### Description of the task
Each record should be copied exactly into the answer, and no picture should go with it.

Image-text web data
____________________
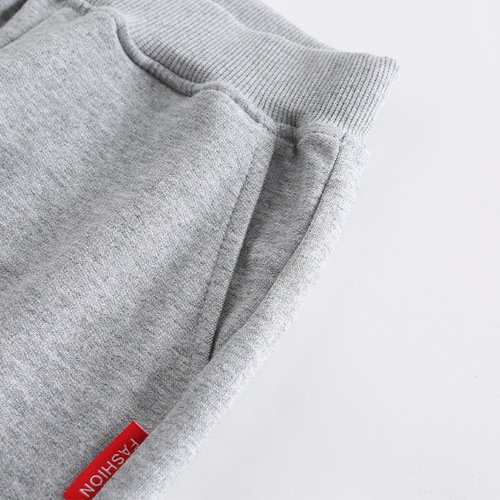 Children's sporty loose pants, leisure long pants, big kids pure cotton sanitary pants, spring and autumn ribbed thin model, tie-up pants, student school uniforms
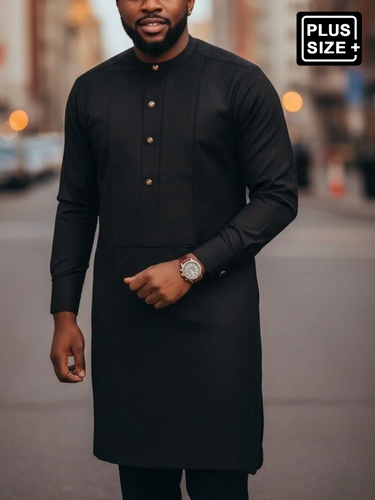 TACOHEAL Plus Size Black Plain Button Long Sleeve Men's Set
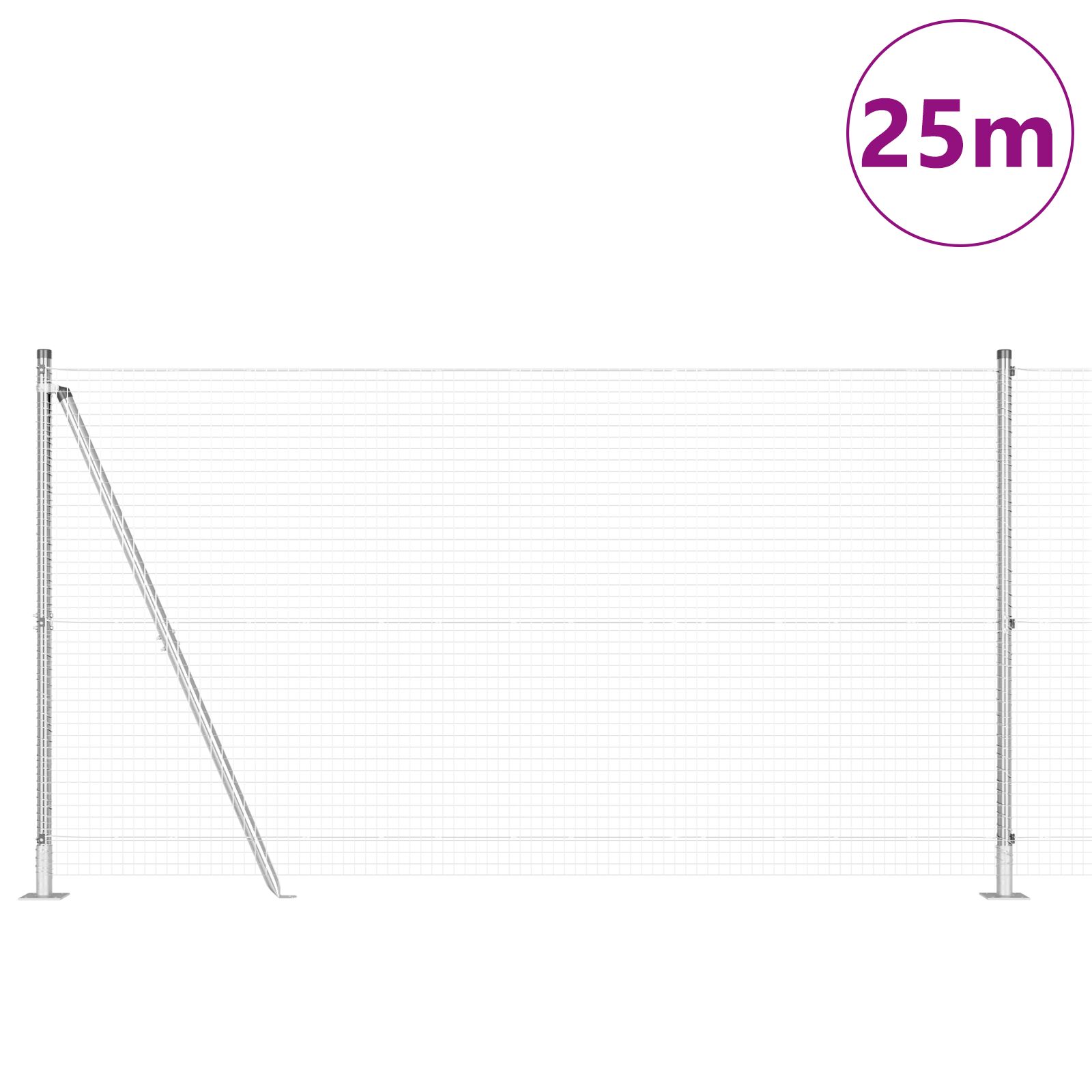 Hegesztett drótháló kerítés 13 peremelt oszloppal 1.2x25 m galvanizált acélból Hegesztett drótháló kerítés 13 peremelt oszloppal 1.2x25 m galvanizált acélból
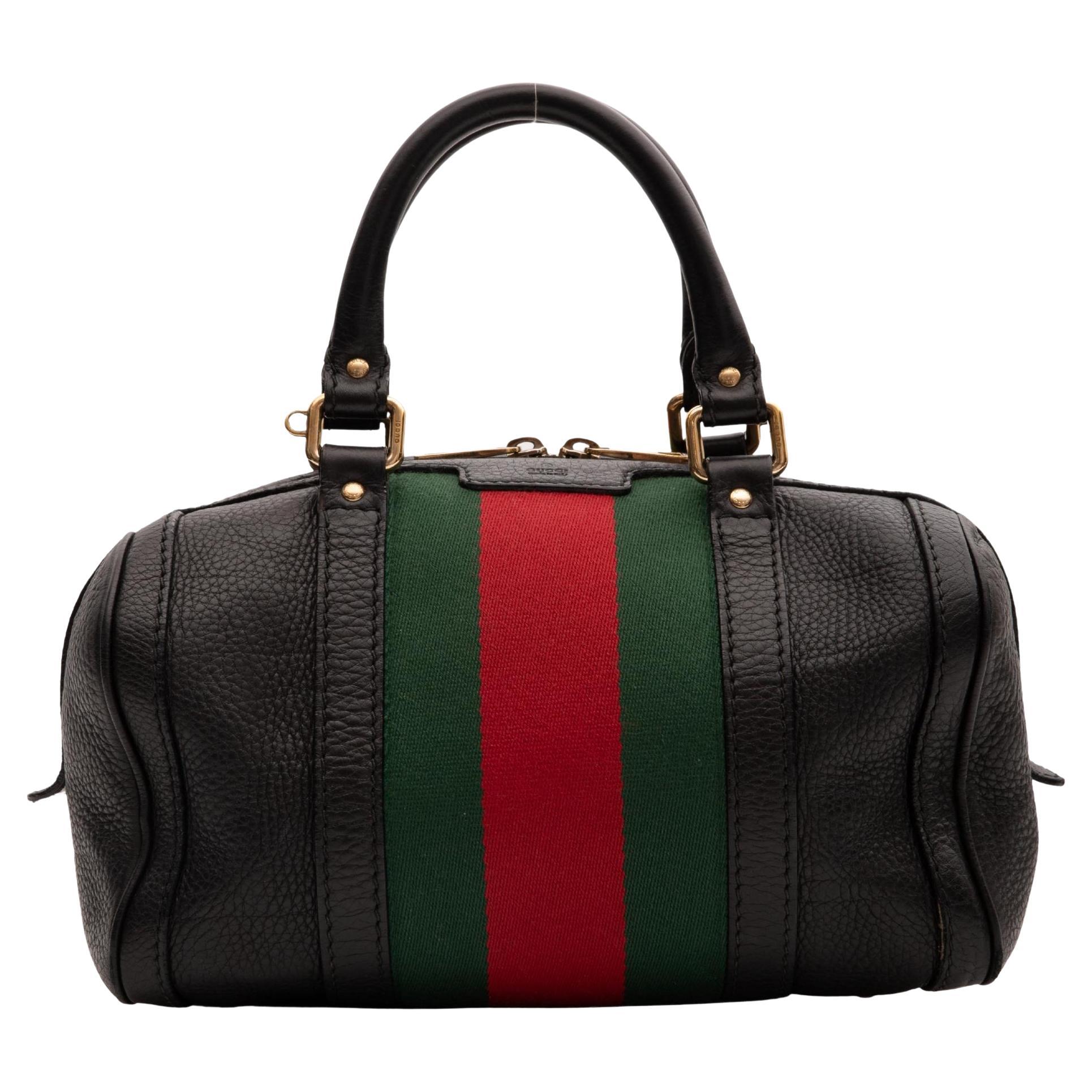 Gucci Calfskin Black Web Small Boston Handbag (269876) For Sale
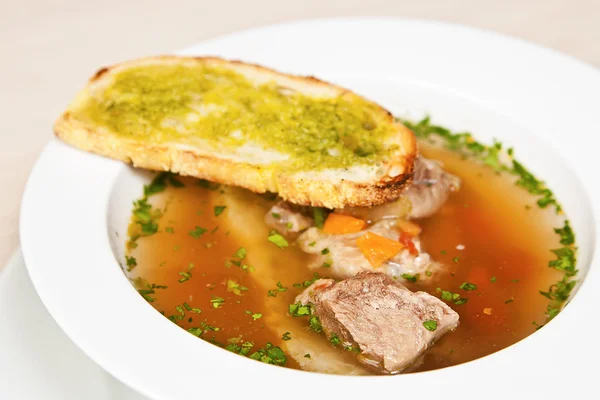 Brood soep met kalfsvlees — Stockfoto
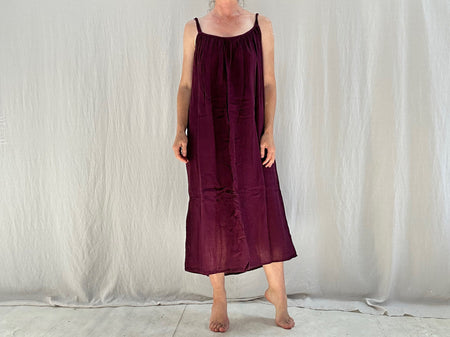 Mexican Gauze Sundress. Aubergine.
____________________
### Result for this exercise
 Children's sporty loose pants, leisure long pants, big kids pure cotton sanitary pants, spring and autumn ribbed thin model, tie-up pants, student school uniforms
 TACOHEAL Plus Size Black Plain Button Long Sleeve Men's Set
 Hegesztett drótháló kerítés 13 peremelt oszloppal 1.2x25 m galvanizált acélból Hegesztett drótháló kerítés 13 peremelt oszloppal 1.2x25 m galvanizált acélból
 Gucci Calfskin Black Web Small Boston Handbag (269876) For Sale
 Brood soep met kalfsvlees — Stockfoto
 Mexican Gauze Sundress. Aubergine.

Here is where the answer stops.